BLOOMINGTON — With four aldermen joining the City Council, the city is taking a fresh look at that title.
The council will consider amending the city code to clarify and broaden the references to "aldermen" beyond the current masculine-only reference, said Deputy City Manager Billy Tyus.
Specifically, the proposed ordinance clarifies that the term would have the same meaning and effect as "council member," "alderwomen," "alderwoman," "alderman" and "alderperson," said Tyus.
The council is slated to vote on the change during the council's meeting at 6 p.m. Monday at City Hall.
The change, if approved, "recognizes that there are elected officials who may want to be referred to other than 'alderman.' This officially allows for that," said Tyus. "We are going to appreciate and incorporate the reference that they prefer."
"It's a tiny change, but I think it means a lot to the people who aren't currently seeing themselves in the language that we have," said Jenn Carrillo, who was elected April 2 to represent Ward 6.
In addition to Carrillo, the other newly elected council members are Donna Boelen of Ward 2, Julie Emig of Ward 4 and Jeff Crabill of Ward 8. They were sworn in at a special meeting on May 1, and Monday will be their first regular council meeting.

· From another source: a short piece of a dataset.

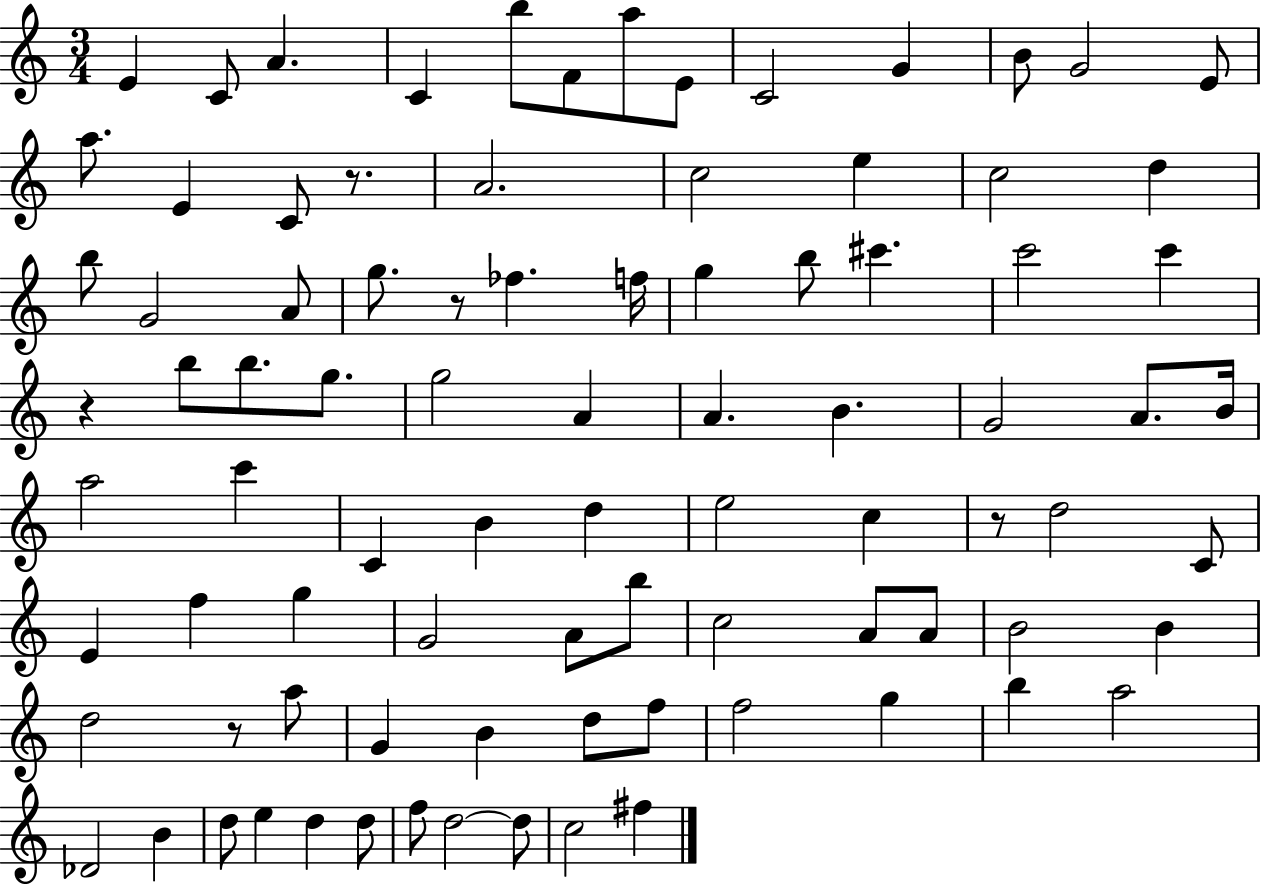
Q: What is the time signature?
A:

Carrillo said she brought the matter to the attention of city officials "as a matter of me wanting to make sure that my own materials, my nameplate, my signature and my business cards had my gender pronouns and had a word other than 'alderman.'
"I also urged some of my other incoming council members to request for the same thing, because I think it's important that we begin to normalize that kind of language," said Carrillo.
"I am a big believer that you can't be what you can't see, and so we want to make sure our local government is representative of people of all genders so that they can see themselves in those seats as well," she added.
The council also will consider the appointment of mayor pro tem, who is a council member that serves temporarily in the absence or disability of the mayor.
Former Ward 6 Alderman Karen Schmidt had been serving in the role, but she lost her seat to Carrillo.
In other action, the council is expected to vote on expanding the boundaries of a local enterprise zone to support the $35 million expansion of Brandt Industries' manufacturing facility in rural Hudson. The company plans to increase employment to over 300 full-time employees within six years.
Inclusion in the enterprise zone, which encompasses Bloomington, Normal, McLean County, Gibson City and Ford County, could help Brandt get a sales tax rebate for materials used in the building project.
The Ford County Board and Gibson City Council are set to vote on the change Monday night.
The Normal City Council and McLean County Board have already signed off.
The enterprise zone is currently 14.1 square miles and can be up to 15.